The state does refund the money it’s required to do. Rather than sending taxpayers a refund in the form of a check, however, it simply deducts each taxpayer’s kicker amount from the amount they owe. In reality, then, Oregon decides for us how our kickers will be spent.
Voters approved the kicker law in 1980. It’s a strange beast: Sold as a way to help keep state spending in check, it does that only occasionally. It kicks in when tax revenues exceed revenue estimates made at the beginning of a biennium, in this case, in 2017.
The law does allow forecasters a bit of wiggle room. If revenues climb by 2 percent or less, the state keeps the extra money. But, if revenues go up by more than 2 percent, all the expected extra revenue, including that 2 percent, goes back to taxpayers. That’s true even during recessions.
When the kicker first became law, the state did what it does today. Rather than writing checks, it gave taxpayers credits against what they owed to the state. Then, in 1995, lawmakers voted to write the kicker checks to Oregonians and eliminate the tax credits. Republicans in the Legislature argued, successfully, that checks rather than credits served to assure voters they really were getting money back.
The system changed again with action by the 2011 Legislature that reverted the kicker program to its earlier tax credits rather than refunds. It did so at the tail end of a recession, and supporters argued that writing and mailing checks, at roughly $1 million each kicker year, was simply too expensive.

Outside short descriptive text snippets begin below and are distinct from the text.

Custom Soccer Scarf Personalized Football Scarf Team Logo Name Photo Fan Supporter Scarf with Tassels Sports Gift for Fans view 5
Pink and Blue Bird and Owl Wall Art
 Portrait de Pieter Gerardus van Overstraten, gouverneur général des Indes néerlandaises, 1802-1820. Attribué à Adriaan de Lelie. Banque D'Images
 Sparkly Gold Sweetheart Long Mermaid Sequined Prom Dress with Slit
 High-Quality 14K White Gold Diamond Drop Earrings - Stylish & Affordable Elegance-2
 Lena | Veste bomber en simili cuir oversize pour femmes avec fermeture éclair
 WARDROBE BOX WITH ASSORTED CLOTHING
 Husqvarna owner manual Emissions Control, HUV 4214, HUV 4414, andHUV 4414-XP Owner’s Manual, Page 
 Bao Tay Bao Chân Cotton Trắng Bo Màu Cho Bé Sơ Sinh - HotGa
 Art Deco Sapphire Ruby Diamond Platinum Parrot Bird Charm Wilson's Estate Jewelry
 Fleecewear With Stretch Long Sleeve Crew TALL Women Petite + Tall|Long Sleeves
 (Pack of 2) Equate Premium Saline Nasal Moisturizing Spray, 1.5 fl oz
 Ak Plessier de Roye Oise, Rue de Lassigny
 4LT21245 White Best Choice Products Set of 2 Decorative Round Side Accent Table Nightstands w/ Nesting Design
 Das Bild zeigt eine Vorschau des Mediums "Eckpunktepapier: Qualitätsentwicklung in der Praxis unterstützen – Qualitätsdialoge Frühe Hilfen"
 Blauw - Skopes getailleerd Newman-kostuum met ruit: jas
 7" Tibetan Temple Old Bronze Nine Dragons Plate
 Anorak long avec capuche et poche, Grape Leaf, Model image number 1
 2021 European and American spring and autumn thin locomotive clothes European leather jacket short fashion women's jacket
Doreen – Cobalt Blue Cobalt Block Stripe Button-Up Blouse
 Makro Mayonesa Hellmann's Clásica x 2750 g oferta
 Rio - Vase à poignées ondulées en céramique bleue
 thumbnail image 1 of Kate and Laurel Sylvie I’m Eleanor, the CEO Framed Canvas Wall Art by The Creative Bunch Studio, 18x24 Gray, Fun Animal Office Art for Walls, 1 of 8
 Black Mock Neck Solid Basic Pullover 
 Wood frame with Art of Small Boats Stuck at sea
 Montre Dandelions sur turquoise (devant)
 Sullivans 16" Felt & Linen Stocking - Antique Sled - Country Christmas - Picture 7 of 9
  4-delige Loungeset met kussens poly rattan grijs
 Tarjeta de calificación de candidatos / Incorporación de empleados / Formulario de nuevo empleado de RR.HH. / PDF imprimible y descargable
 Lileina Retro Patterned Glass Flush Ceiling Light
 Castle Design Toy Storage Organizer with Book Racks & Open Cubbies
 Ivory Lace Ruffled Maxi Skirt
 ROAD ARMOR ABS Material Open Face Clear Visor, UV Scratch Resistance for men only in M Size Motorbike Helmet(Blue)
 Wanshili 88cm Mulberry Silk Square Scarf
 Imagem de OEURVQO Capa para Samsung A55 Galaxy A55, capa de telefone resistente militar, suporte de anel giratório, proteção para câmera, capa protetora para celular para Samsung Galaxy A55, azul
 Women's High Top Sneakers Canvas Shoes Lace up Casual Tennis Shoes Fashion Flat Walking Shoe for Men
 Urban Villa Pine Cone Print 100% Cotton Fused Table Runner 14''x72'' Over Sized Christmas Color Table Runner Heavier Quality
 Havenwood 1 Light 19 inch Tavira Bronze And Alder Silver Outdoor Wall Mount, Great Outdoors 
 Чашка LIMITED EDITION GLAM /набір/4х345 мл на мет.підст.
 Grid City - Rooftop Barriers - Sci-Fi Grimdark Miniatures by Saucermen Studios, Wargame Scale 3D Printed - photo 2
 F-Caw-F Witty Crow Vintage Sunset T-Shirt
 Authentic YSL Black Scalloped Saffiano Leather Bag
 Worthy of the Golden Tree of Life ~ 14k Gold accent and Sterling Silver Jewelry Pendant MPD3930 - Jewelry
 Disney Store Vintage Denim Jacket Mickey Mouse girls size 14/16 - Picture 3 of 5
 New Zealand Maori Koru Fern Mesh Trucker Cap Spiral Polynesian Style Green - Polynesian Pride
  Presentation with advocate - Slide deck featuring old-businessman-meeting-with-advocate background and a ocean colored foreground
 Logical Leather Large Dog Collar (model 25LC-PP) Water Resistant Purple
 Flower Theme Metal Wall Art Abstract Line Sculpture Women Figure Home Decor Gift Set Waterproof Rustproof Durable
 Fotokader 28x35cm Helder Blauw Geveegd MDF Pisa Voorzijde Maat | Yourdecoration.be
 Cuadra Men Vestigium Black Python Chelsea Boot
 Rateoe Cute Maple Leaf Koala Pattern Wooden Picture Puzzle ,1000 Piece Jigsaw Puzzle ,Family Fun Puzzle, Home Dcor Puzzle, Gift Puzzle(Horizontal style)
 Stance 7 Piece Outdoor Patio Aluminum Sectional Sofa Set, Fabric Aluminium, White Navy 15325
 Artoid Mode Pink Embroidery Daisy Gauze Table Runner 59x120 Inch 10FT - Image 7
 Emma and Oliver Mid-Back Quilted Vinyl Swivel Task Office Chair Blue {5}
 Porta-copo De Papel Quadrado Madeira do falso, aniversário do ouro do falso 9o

That’s debatable. The state should bend over backward to return to Oregonians money that Oregonians are owed. It’s time lawmakers returned again and began sending taxpayers checks. Hardworking Oregonians send the state money because they have a legal obligation to do so. The state should live by the same rules, and send money back when the law requires. Doing so would allow taxpayers to spend what’s rightfully theirs as they see fit.